DOMINANT. estates. In the civil law, this term is used to signify the
estate to which a servitude or easement is due from another estate; for example,
where the owners of the estate, Blackacre, have a right of way or passage over
the estate Whiteacre, the former is called the dominant, and the latter the
servient estate. Bouv. Inst. n. 1600.
DOMINION. The right of the owner of a thing to use it or dispose of it
at his pleasure. See Domain; 1 White's New Coll. 85; Jacob's Intr. 39.
DOMINIUM, empire, domain. It is of three kinds: 1, Directum dominium,
or usufructuary dominion; dominium utile, as between landlord and tenenant; or,
2. It is to full property, and simple property. The former is such as belongs to
the cultivator of his own estate; the other is the property of a tenant. 3.
Dominion acquired by the law of nations, and dominion acquired by municipal law.
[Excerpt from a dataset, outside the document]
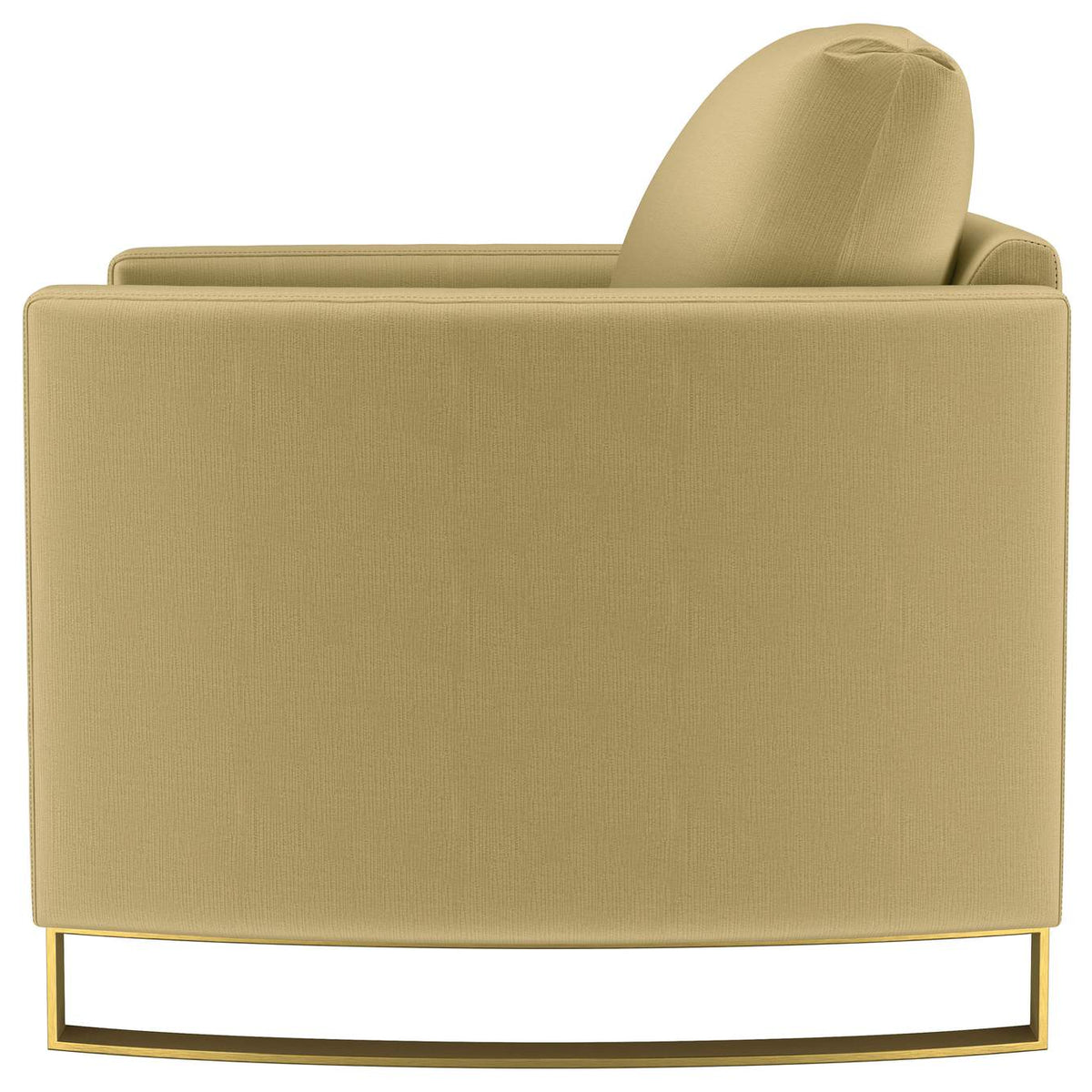 508826 Corliss Upholstered Curved Track Arm Chair Camel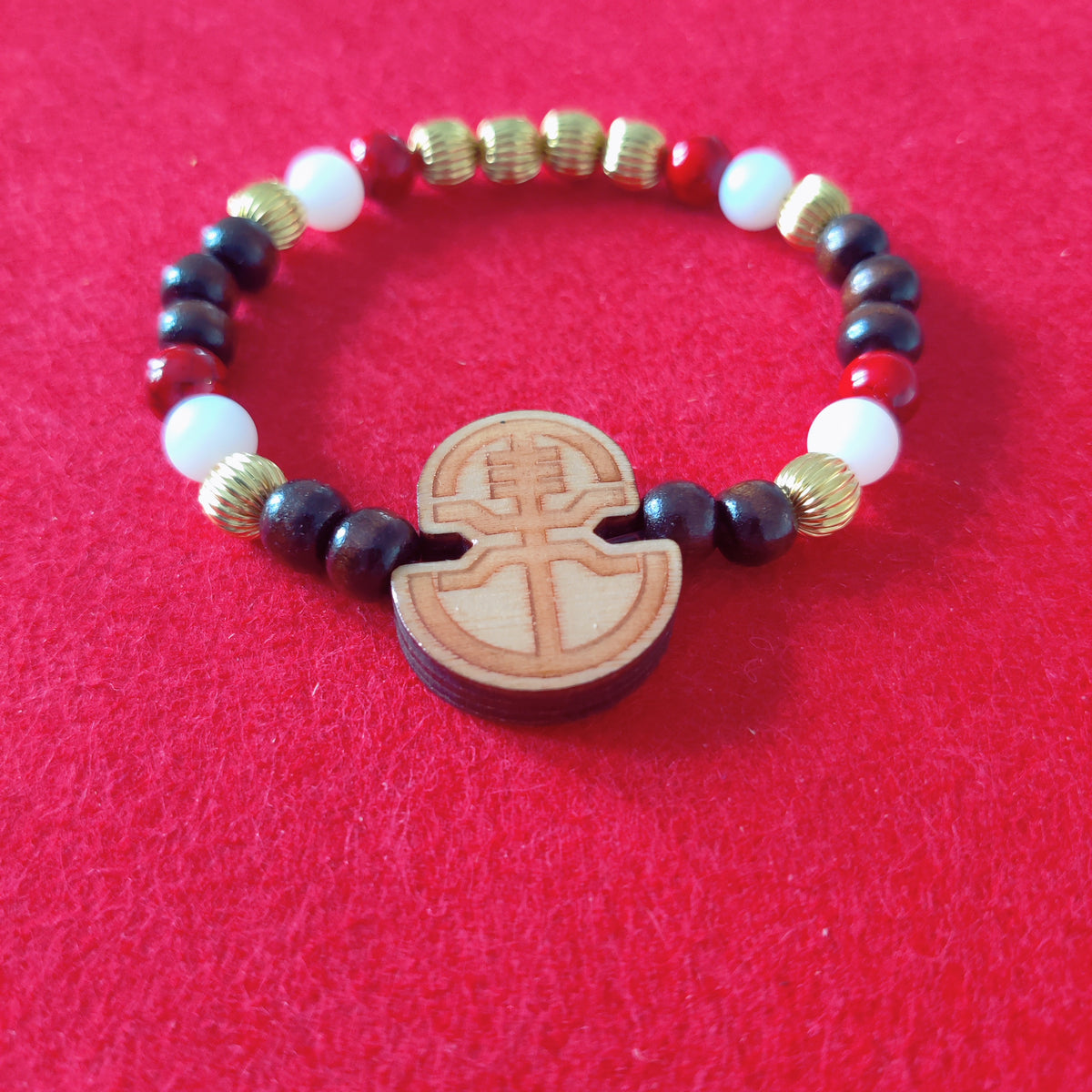 LUL Fraternal Symbol Wooden Charm Bracelet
By the law of nations, property may be acquired by occupation, by accession, by
commixtion, by use or the pernancy of the usufruct, and by tradition or
delivery. As to the dominium eminens, the right of the public, in cases of
emergency, to seize upon the property of individuals, and convert it to public
use, and the right of individuals, in similar cases, to commit a trespass on the
persons and properties of others, see the opinion of chief justice McKean in
Respublica v. Sparhawk, 1 Dallas, 362, and the case of Vanhorn v. Dorrance, 2
Dall. Rep. 304. See, further, as to dominium eminens, or the right of the
community to take, at a fair price, the property of individuals for public use,
the supplement of 1802 to the Pennsylvania compromising law, respecting the
Wyoming controversy; also, Vattel, l. 1, c. 20, §§244-248; Bynkershoek, lib. 2,
c. 15; Rousseau's Social Compact, c. 9; Domat; l. 1, tit. 8, §l, p. 381, fol.
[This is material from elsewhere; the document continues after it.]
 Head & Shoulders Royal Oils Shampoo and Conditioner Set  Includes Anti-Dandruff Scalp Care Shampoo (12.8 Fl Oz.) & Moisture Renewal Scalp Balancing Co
ed.; the case of a Jew, whom the grand seignior was compelled by the mufti to
purchase out, cited in Lindsay et al. v. The Commissioners, 2 Bay. S. Car. Rep.
41. See Eminent domain.
DOMITAE. Subdued, tame,. not wild; as, animals domitae, which are tame
or domestic animals.
DOMO REPARANDO. the name of an ancient writ in favor of a party who
was in danger of being injured by the fall, of his neighbor's house.
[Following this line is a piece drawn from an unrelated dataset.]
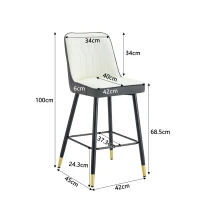Lot de 2 tabourets de bar hauteur, design moderne et confortable, dossier incurvé et repose-pieds, 42x45x100 cm, Argenté(m-3)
DONATIO MORTIS CAUSA, contracts, legacies. A gift in prospect of
death. When a person in sickness, apprehend ing his dissolution near, delivers,
or causes to be delivered to another, the possession of any personal goods, to
keep as his own, in case of the donor's decease. 2 Bl. Com. 514 see Civ. Code of
Lou. art. 1455.
2. The civil law defines it to be a gift under apprehension of death; as,
when any thing is given upon condition that if the donor dies, the donee shall
possess it absolutely, or return it if the donor should survive, or should
repent of having made the gift, or if the donee should die before the donor. 1
Miles' Rep. 109-117.
3. Donations mortis causa, are now reduced, as far as possible, to the
similitude of legacies. Inst. t. 7, De Donationibus. See 2 Ves. jr. 119; Smith
v. Casen, mentioned by the reporter at the end of Drury v. Smith, 1 P. Wms. 406;
2 Ves. sen. 434; 3 Binn. 866.
4. With respect to the nature of a donatio mortis causa, this kind of gift so
far resembles a legacy, that it is ambulatory and incomplete during the donor's
life; it is, therefore, revocable by him; 7 Taunt. 231; 3 Binn. 366 and subject
to his debts upon a deficiency of assets. 1 P. Wms. 405. But in the following
particulars it differs from a legacy: it does riot fall within an
administration, nor require any act in the executors to perfect a title in the
donee. Rop. Leg. 26.
5. The following circumstances are required to constitute a good donatio
mortis causa. 1st. That the thing given be personal property; .3 Binn. 370 a
bond; 3 Binn. 370; 3 Madd. R. 184; bank notes; 2 Bro. C. C. 612; and a check
offered for payment during the life of the donor, will be so considered. 4 Bro.
C. C. 286.
6. - 2d. That the gift be made by the donor in peril of death, and to take
effect only in case the giver die. 3 Binn. 370 4 Burn's Ecc. Law, 110.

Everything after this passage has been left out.